WHAT THE TASK ASKS: With pictures left out, only the lines from the one containing "[P26] Paxos - peșterile." through the end of the records should be reproduced exactly, please.

Saved entries:
-- -- --
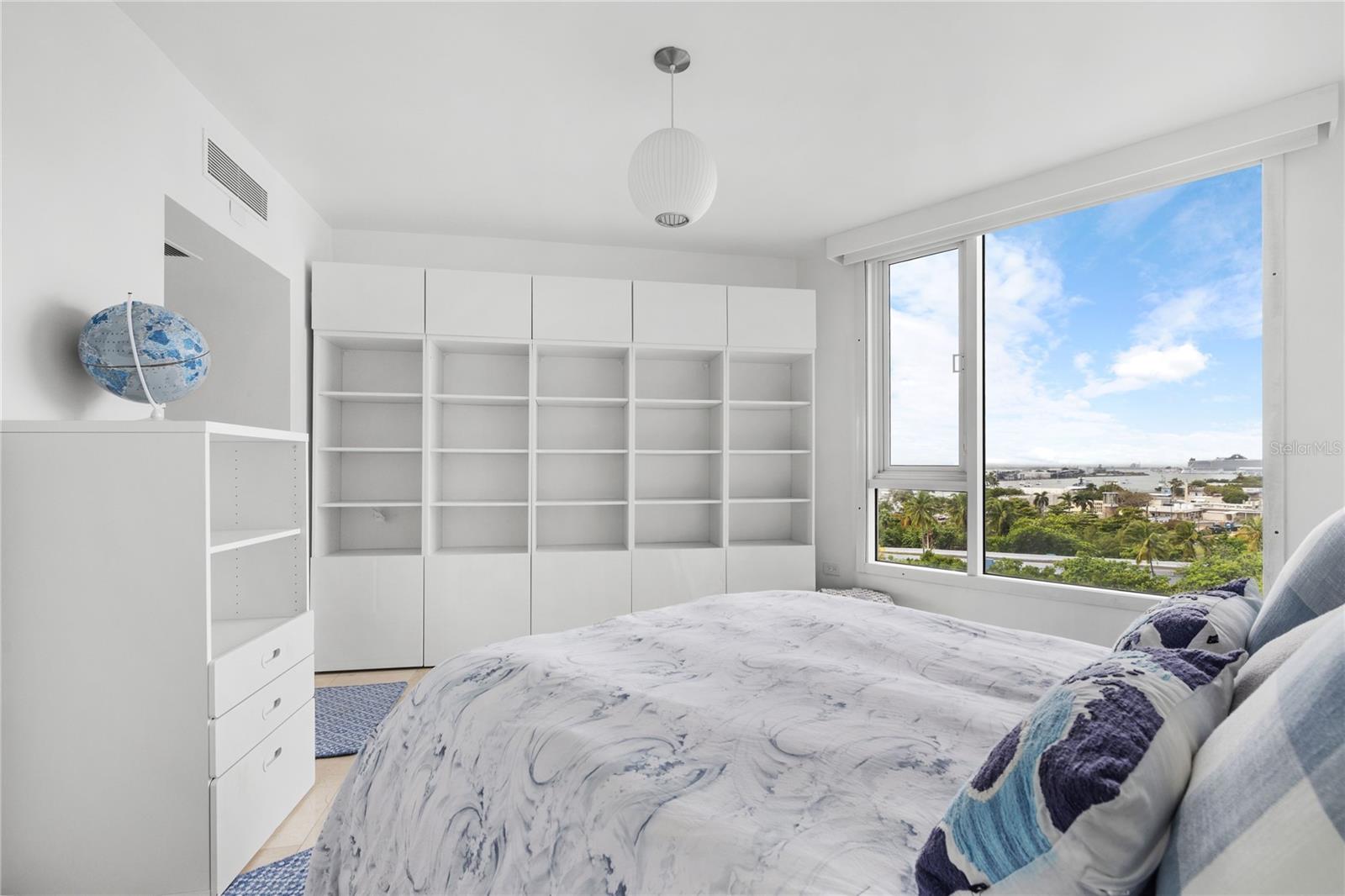 6 AVE. LUIS MUÑOZ MARIN #702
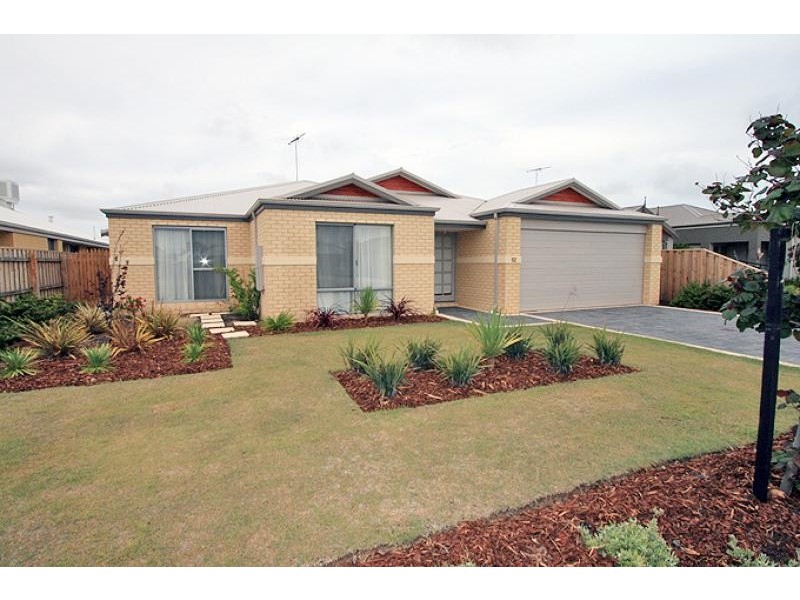 52 Seascapes Boulevard, Halls Head WA 6210
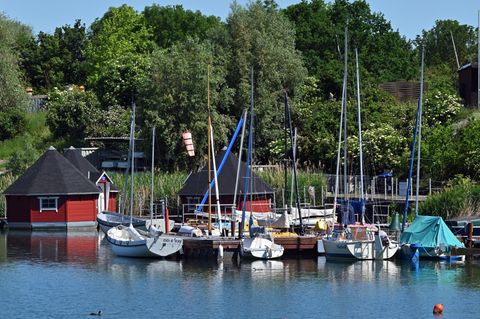 Bootfahren ist etwa auf dem Alperstedter See bei Erfurt möglich. Foto: Martin Schutt/dpa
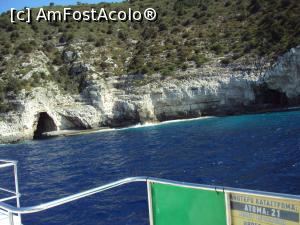 [P26] Paxos - peșterile.  » foto by Carmen Ion
 - 
<span class="allrVoted glyphicon glyphicon-heart hidden" id="av912496"></span>
<a class="m-l-10 hidden" id="sv912496" onclick="voting_Foto_DelVot(,912496,22880)" role="button">șterge vot <span class="glyphicon glyphicon-remove"></span></a>
<a id="v9912496" class=" c-red"  onclick="voting_Foto_SetVot(912496)" role="button"><span class="glyphicon glyphicon-heart-empty"></span> <b>LIKE</b> = Votează poza</a> <img class="hidden"  id="f912496W9" src="/imagini/loader.gif" border="0" /><span class="AjErrMes hidden" id="e912496ErM"></span>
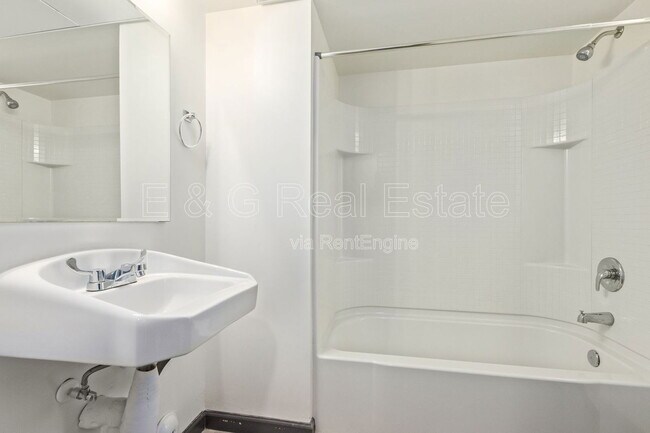 Building Photo - 129 N 11th Ave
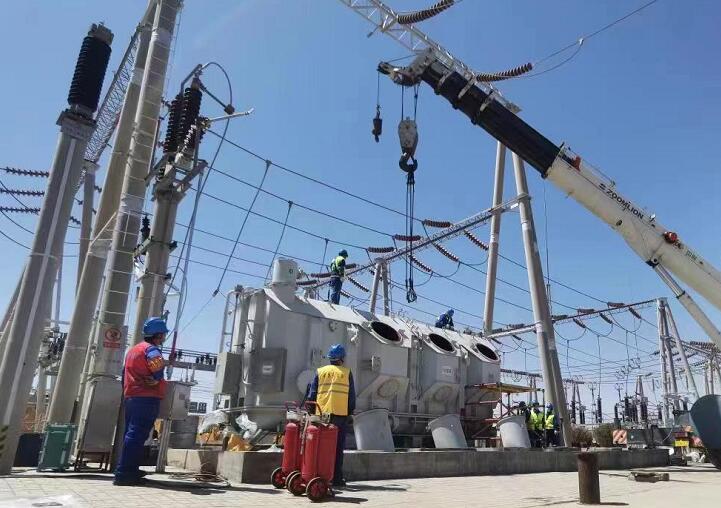 吊罩成功！主變大修工程為“綠色電”保駕護(hù)航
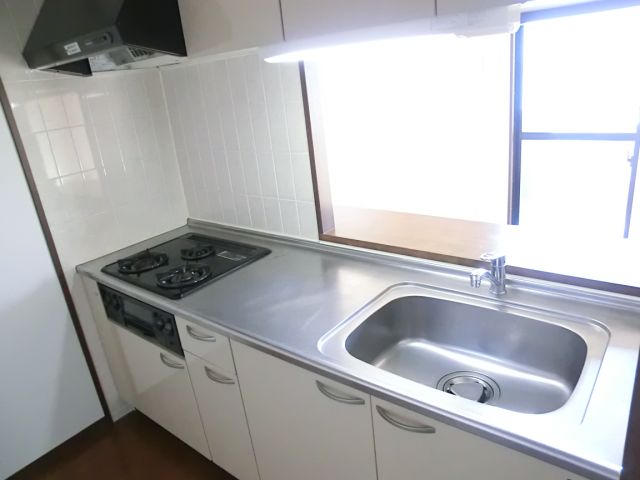 Kitchen. 3-neck is a gas stove in the kitchen.
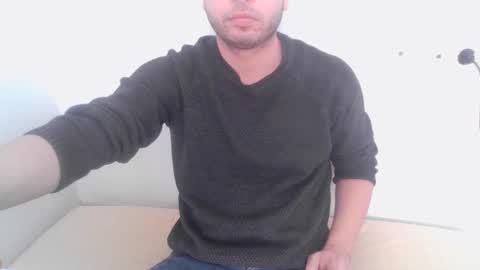 Snapshot of turkhis_boy22 chatting on January 10, 11:23 am turkhis_boy22 online show from January 10, 11:23 am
-- -- --
EXERCISE OUTPUT:
 [P26] Paxos - peșterile.  » foto by Carmen Ion
 - 
<span class="allrVoted glyphicon glyphicon-heart hidden" id="av912496"></span>
<a class="m-l-10 hidden" id="sv912496" onclick="voting_Foto_DelVot(,912496,22880)" role="button">șterge vot <span class="glyphicon glyphicon-remove"></span></a>
<a id="v9912496" class=" c-red"  onclick="voting_Foto_SetVot(912496)" role="button"><span class="glyphicon glyphicon-heart-empty"></span> <b>LIKE</b> = Votează poza</a> <img class="hidden"  id="f912496W9" src="/imagini/loader.gif" border="0" /><span class="AjErrMes hidden" id="e912496ErM"></span>
 Building Photo - 129 N 11th Ave
 吊罩成功！主變大修工程為“綠色電”保駕護(hù)航
 Kitchen. 3-neck is a gas stove in the kitchen.
 Snapshot of turkhis_boy22 chatting on January 10, 11:23 am turkhis_boy22 online show from January 10, 11:23 am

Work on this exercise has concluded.